(Beginning of DATA LISTING)

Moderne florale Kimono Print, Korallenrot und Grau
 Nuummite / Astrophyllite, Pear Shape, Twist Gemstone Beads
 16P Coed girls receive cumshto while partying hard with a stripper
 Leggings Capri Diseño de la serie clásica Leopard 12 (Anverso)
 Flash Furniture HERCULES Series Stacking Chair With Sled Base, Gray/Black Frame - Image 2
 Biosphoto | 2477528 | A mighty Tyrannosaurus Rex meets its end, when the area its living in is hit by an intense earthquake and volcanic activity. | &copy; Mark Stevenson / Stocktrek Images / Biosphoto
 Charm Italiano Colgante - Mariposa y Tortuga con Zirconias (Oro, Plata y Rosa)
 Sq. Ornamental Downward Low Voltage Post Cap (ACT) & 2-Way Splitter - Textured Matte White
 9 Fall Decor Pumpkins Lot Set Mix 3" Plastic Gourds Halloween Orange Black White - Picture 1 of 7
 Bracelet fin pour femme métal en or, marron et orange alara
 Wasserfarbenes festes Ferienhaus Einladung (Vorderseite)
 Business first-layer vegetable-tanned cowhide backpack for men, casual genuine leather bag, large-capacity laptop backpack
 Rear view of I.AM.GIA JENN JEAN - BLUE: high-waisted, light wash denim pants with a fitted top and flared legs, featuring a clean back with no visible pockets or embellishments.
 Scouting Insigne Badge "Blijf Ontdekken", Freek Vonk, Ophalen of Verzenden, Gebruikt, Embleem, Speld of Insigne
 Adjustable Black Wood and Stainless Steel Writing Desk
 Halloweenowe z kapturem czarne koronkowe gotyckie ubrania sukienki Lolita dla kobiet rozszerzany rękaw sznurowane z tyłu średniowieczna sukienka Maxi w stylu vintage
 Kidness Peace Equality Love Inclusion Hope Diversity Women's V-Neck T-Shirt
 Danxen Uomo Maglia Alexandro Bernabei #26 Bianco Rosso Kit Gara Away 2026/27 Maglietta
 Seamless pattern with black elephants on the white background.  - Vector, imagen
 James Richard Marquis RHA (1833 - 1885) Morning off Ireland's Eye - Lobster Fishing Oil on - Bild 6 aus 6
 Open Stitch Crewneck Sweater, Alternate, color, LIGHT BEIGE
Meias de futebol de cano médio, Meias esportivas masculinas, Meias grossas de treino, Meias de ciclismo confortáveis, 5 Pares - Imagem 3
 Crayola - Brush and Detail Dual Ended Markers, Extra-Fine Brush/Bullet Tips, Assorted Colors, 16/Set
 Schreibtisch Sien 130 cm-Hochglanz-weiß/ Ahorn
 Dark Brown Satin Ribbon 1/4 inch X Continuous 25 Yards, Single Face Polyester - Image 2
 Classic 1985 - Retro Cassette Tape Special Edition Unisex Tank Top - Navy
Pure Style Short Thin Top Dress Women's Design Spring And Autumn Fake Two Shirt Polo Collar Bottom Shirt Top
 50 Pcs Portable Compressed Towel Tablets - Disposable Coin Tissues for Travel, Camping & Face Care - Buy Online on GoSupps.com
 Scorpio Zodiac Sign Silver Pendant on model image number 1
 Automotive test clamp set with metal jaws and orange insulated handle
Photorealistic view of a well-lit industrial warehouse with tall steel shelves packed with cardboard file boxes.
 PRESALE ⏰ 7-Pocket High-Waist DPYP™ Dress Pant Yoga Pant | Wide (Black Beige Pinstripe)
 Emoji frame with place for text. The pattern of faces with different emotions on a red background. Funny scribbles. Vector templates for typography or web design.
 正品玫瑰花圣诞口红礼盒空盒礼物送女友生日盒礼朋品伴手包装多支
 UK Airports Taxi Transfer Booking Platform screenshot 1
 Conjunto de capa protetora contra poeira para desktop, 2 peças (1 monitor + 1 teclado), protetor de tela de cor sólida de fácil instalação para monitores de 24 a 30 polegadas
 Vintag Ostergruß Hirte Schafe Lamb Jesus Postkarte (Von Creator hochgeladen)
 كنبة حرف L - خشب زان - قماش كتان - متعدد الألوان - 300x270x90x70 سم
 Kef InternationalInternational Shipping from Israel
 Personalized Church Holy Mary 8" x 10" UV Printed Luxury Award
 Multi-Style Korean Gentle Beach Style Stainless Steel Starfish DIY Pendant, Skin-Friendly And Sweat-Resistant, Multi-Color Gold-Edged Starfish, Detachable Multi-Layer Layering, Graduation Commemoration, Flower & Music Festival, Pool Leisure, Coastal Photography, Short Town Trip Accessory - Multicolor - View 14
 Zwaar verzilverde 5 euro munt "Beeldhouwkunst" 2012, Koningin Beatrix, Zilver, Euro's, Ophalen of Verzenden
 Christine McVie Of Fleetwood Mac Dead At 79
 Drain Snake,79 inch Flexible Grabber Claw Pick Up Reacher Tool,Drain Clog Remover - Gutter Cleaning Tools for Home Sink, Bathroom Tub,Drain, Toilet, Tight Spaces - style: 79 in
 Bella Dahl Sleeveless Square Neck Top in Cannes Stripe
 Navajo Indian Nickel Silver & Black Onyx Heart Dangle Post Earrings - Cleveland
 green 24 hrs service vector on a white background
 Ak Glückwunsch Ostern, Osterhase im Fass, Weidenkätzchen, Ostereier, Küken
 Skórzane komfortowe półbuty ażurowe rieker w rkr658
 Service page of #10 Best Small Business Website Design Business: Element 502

(End of DATA LISTING)

#### [HOW TO COMPLETE THIS TASK]
Every line that contains the string "inch" should be returned from the data.

#### [RESPONSE BELOW]
 Dark Brown Satin Ribbon 1/4 inch X Continuous 25 Yards, Single Face Polyester - Image 2
 Drain Snake,79 inch Flexible Grabber Claw Pick Up Reacher Tool,Drain Clog Remover - Gutter Cleaning Tools for Home Sink, Bathroom Tub,Drain, Toilet, Tight Spaces - style: 79 in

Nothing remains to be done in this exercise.